Task description: Of the lines in the material below, print only those from the one containing "Sort sjal med" to the one containing "Lamm-Spieße mit Kartoffel-Gurken-Feta-Salat", ends included, exactly as written and without pictures.

Provided entries:
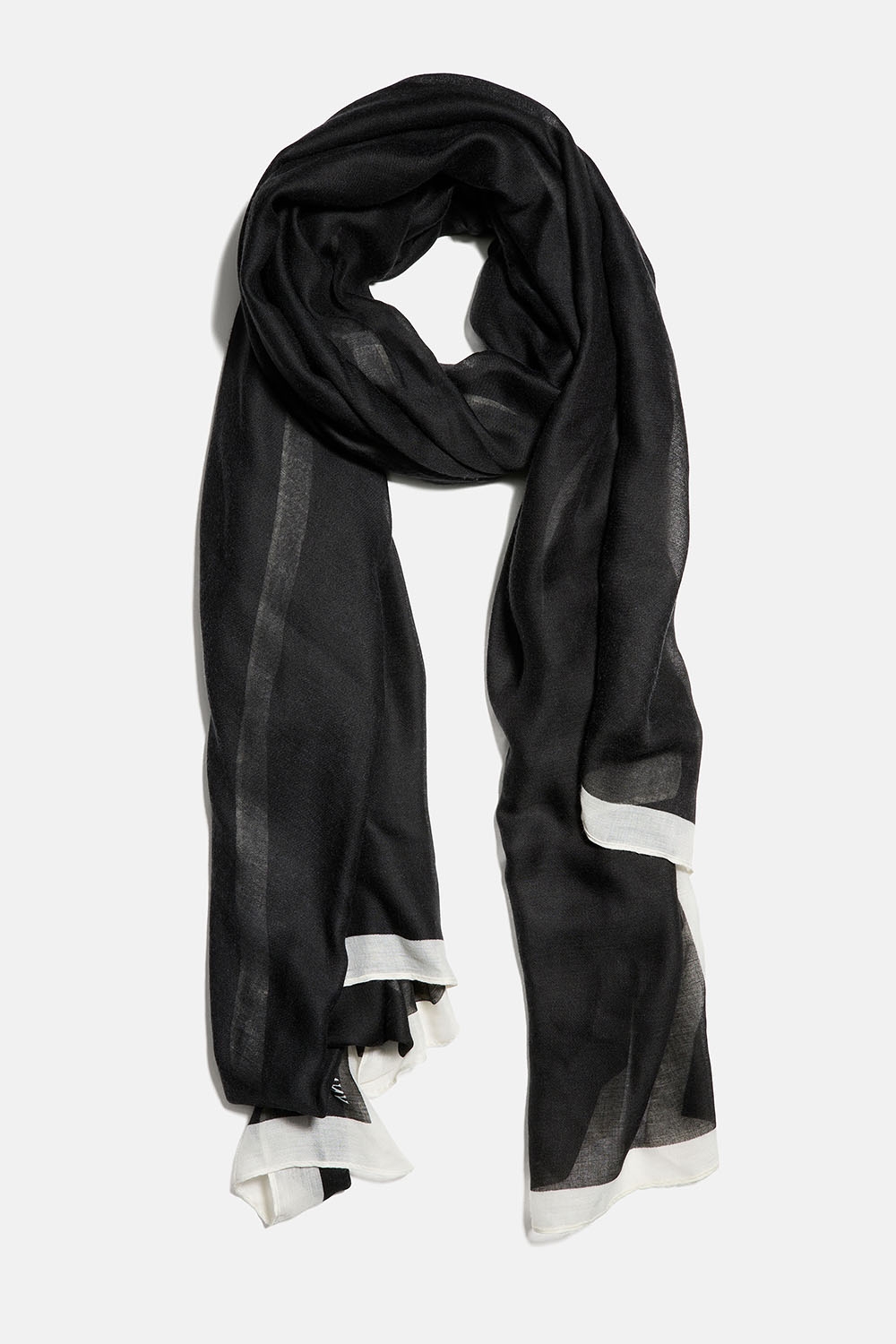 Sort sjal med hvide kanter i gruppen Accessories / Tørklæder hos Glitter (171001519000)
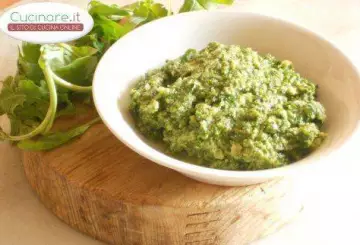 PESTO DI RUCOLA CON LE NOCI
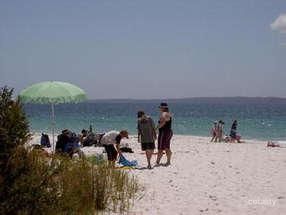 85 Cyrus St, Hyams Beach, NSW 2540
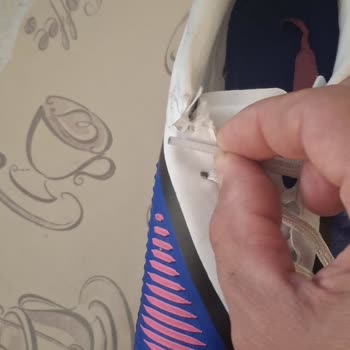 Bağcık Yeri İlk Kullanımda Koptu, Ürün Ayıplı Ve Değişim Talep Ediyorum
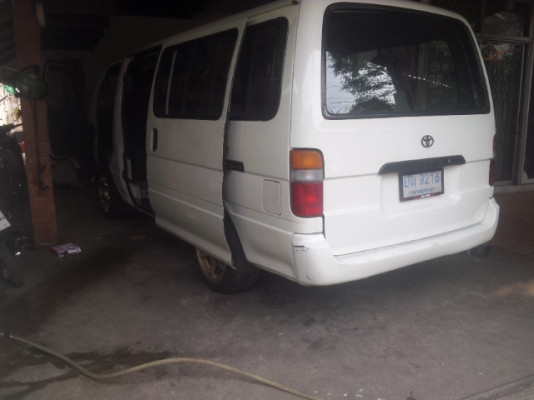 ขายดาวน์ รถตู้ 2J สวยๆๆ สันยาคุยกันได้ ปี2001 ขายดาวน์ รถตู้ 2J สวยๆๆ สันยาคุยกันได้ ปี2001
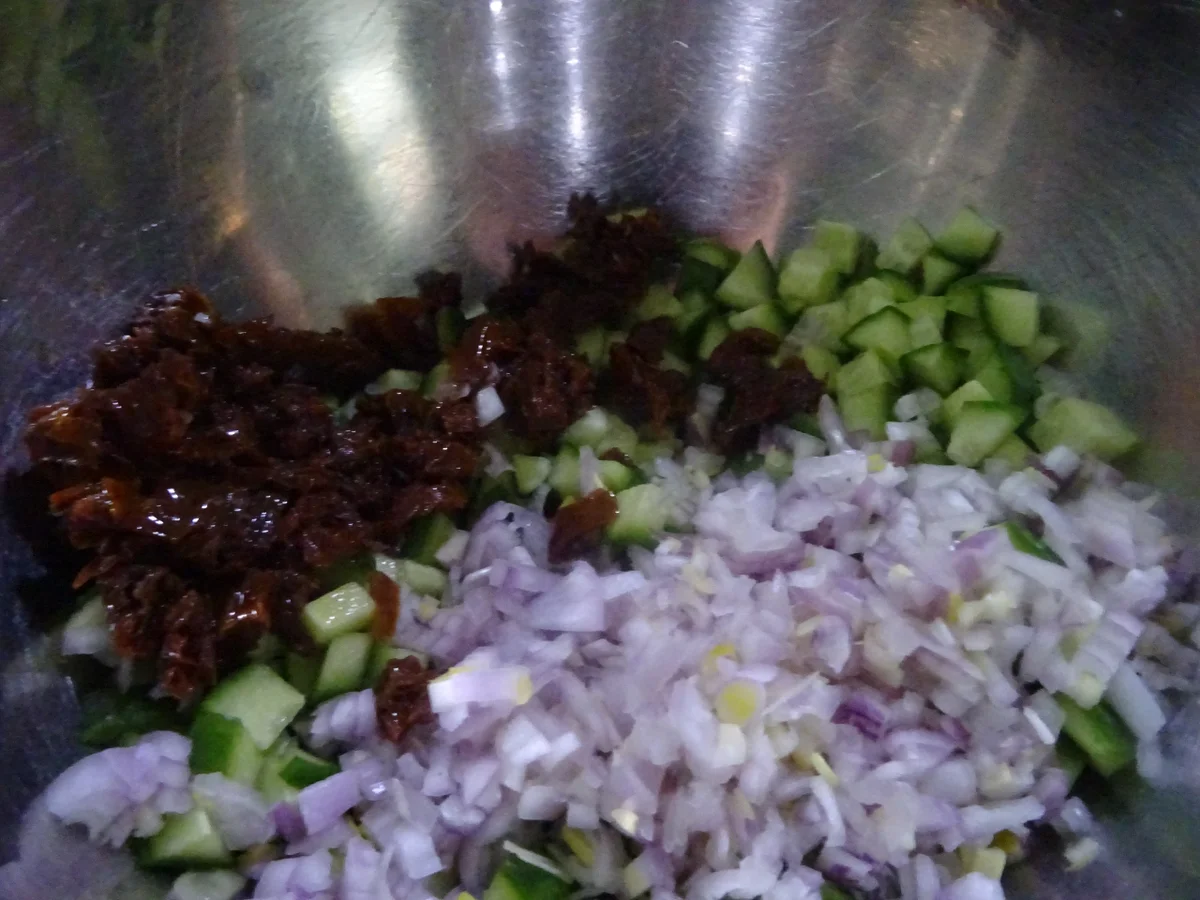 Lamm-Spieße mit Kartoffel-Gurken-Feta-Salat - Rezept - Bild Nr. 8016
---
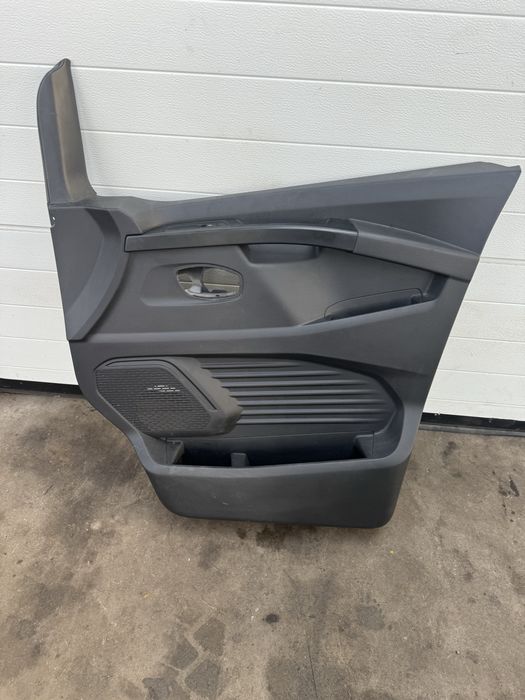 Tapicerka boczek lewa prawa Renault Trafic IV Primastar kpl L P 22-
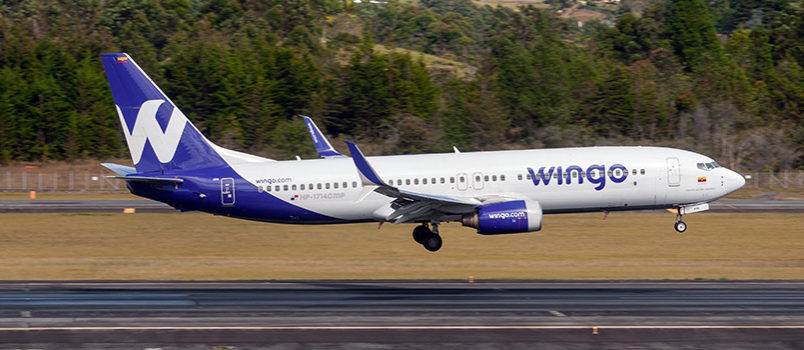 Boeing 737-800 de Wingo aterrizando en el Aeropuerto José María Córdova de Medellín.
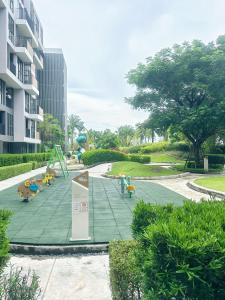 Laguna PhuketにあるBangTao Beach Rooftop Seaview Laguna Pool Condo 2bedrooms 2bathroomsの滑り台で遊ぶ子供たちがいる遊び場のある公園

Task answer:
 Sort sjal med hvide kanter i gruppen Accessories / Tørklæder hos Glitter (171001519000)
 PESTO DI RUCOLA CON LE NOCI
 85 Cyrus St, Hyams Beach, NSW 2540
 Bağcık Yeri İlk Kullanımda Koptu, Ürün Ayıplı Ve Değişim Talep Ediyorum
 ขายดาวน์ รถตู้ 2J สวยๆๆ สันยาคุยกันได้ ปี2001 ขายดาวน์ รถตู้ 2J สวยๆๆ สันยาคุยกันได้ ปี2001
 Lamm-Spieße mit Kartoffel-Gurken-Feta-Salat - Rezept - Bild Nr. 8016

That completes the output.